● **EXERCISE INPUTS**
/---

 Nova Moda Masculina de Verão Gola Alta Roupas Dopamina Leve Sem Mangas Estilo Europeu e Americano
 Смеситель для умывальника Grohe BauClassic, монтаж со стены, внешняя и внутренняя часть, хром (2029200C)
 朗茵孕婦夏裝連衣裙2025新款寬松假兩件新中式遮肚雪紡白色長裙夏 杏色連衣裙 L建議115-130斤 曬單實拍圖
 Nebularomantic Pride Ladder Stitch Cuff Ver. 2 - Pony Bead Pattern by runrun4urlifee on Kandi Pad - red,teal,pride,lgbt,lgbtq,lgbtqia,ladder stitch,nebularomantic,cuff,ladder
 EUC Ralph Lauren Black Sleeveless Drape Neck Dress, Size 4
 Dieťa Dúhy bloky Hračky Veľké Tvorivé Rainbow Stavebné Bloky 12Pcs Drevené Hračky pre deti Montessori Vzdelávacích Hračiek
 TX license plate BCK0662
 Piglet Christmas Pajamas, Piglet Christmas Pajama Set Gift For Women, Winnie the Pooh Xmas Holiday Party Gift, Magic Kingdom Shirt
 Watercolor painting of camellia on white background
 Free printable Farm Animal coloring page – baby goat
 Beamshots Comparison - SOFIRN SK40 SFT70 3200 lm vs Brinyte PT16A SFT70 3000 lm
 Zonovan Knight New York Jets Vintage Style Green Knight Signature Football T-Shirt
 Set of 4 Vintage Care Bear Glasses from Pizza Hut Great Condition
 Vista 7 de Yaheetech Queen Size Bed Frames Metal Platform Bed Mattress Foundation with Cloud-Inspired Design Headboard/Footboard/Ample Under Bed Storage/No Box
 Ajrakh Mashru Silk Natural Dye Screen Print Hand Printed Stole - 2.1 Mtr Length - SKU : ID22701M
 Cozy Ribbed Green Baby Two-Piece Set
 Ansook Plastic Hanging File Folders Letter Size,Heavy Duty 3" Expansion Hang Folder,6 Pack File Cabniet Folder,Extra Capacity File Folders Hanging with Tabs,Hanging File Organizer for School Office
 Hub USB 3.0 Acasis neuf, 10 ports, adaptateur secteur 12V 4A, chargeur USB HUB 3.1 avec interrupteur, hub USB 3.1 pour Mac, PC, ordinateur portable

\---

● **EXERCISE**
The required output is the entries from their opening line through the line holding "Cozy Ribbed Green Baby Two-Piece Set", repeated exactly, with both end lines kept.

● **REPLY**
 Nova Moda Masculina de Verão Gola Alta Roupas Dopamina Leve Sem Mangas Estilo Europeu e Americano
 Смеситель для умывальника Grohe BauClassic, монтаж со стены, внешняя и внутренняя часть, хром (2029200C)
 朗茵孕婦夏裝連衣裙2025新款寬松假兩件新中式遮肚雪紡白色長裙夏 杏色連衣裙 L建議115-130斤 曬單實拍圖
 Nebularomantic Pride Ladder Stitch Cuff Ver. 2 - Pony Bead Pattern by runrun4urlifee on Kandi Pad - red,teal,pride,lgbt,lgbtq,lgbtqia,ladder stitch,nebularomantic,cuff,ladder
 EUC Ralph Lauren Black Sleeveless Drape Neck Dress, Size 4
 Dieťa Dúhy bloky Hračky Veľké Tvorivé Rainbow Stavebné Bloky 12Pcs Drevené Hračky pre deti Montessori Vzdelávacích Hračiek
 TX license plate BCK0662
 Piglet Christmas Pajamas, Piglet Christmas Pajama Set Gift For Women, Winnie the Pooh Xmas Holiday Party Gift, Magic Kingdom Shirt
 Watercolor painting of camellia on white background
 Free printable Farm Animal coloring page – baby goat
 Beamshots Comparison - SOFIRN SK40 SFT70 3200 lm vs Brinyte PT16A SFT70 3000 lm
 Zonovan Knight New York Jets Vintage Style Green Knight Signature Football T-Shirt
 Set of 4 Vintage Care Bear Glasses from Pizza Hut Great Condition
 Vista 7 de Yaheetech Queen Size Bed Frames Metal Platform Bed Mattress Foundation with Cloud-Inspired Design Headboard/Footboard/Ample Under Bed Storage/No Box
 Ajrakh Mashru Silk Natural Dye Screen Print Hand Printed Stole - 2.1 Mtr Length - SKU : ID22701M
 Cozy Ribbed Green Baby Two-Piece Set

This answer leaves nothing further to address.